Task details = Make an exact copy of the data below, leaving out every picture.

Source data =
::::

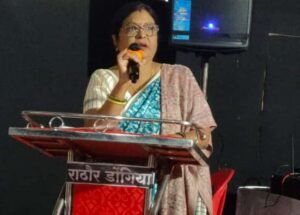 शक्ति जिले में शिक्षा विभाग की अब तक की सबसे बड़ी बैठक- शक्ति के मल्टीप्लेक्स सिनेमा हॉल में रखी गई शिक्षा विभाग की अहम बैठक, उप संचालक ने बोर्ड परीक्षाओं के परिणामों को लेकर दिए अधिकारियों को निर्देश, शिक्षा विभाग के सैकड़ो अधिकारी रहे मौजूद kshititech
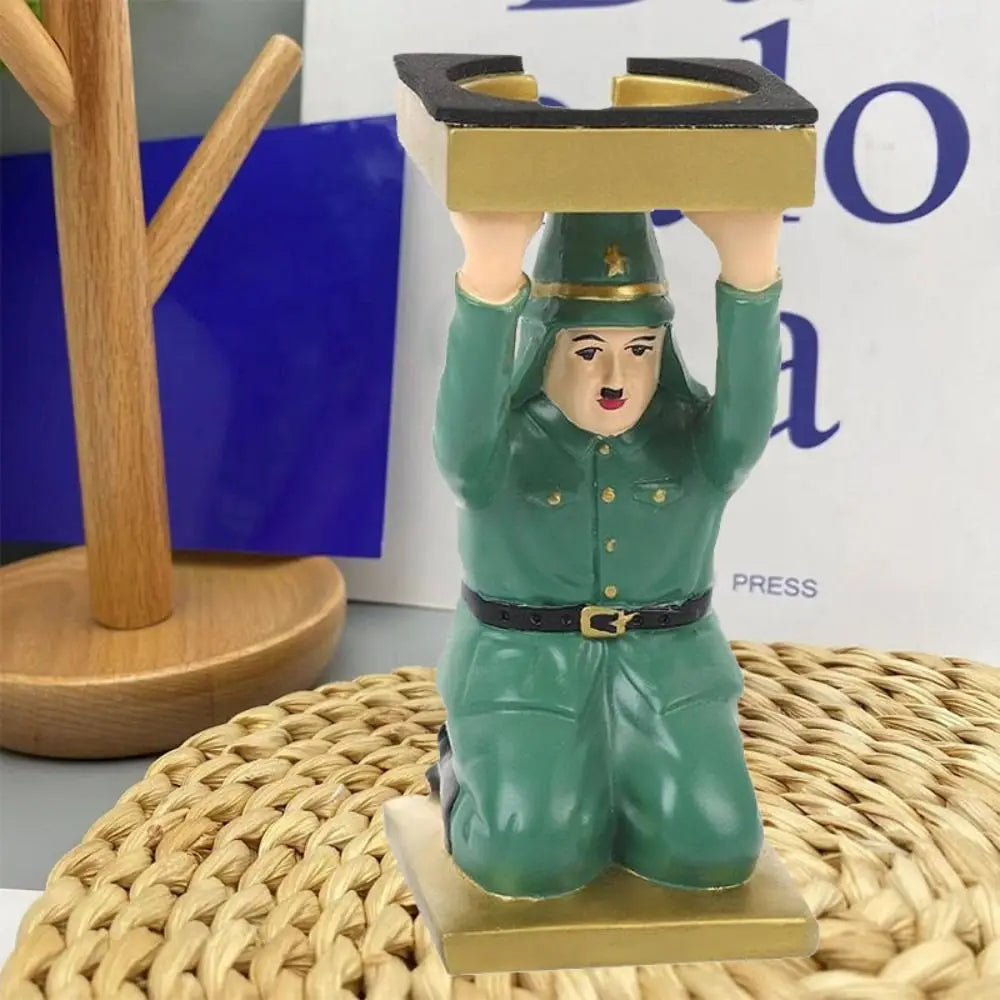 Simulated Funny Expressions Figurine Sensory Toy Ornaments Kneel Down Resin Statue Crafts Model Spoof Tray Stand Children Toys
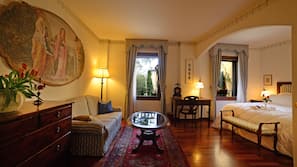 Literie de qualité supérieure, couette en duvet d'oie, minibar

::::

Solution for this problem =
 शक्ति जिले में शिक्षा विभाग की अब तक की सबसे बड़ी बैठक- शक्ति के मल्टीप्लेक्स सिनेमा हॉल में रखी गई शिक्षा विभाग की अहम बैठक, उप संचालक ने बोर्ड परीक्षाओं के परिणामों को लेकर दिए अधिकारियों को निर्देश, शिक्षा विभाग के सैकड़ो अधिकारी रहे मौजूद kshititech
 Simulated Funny Expressions Figurine Sensory Toy Ornaments Kneel Down Resin Statue Crafts Model Spoof Tray Stand Children Toys
 Literie de qualité supérieure, couette en duvet d'oie, minibar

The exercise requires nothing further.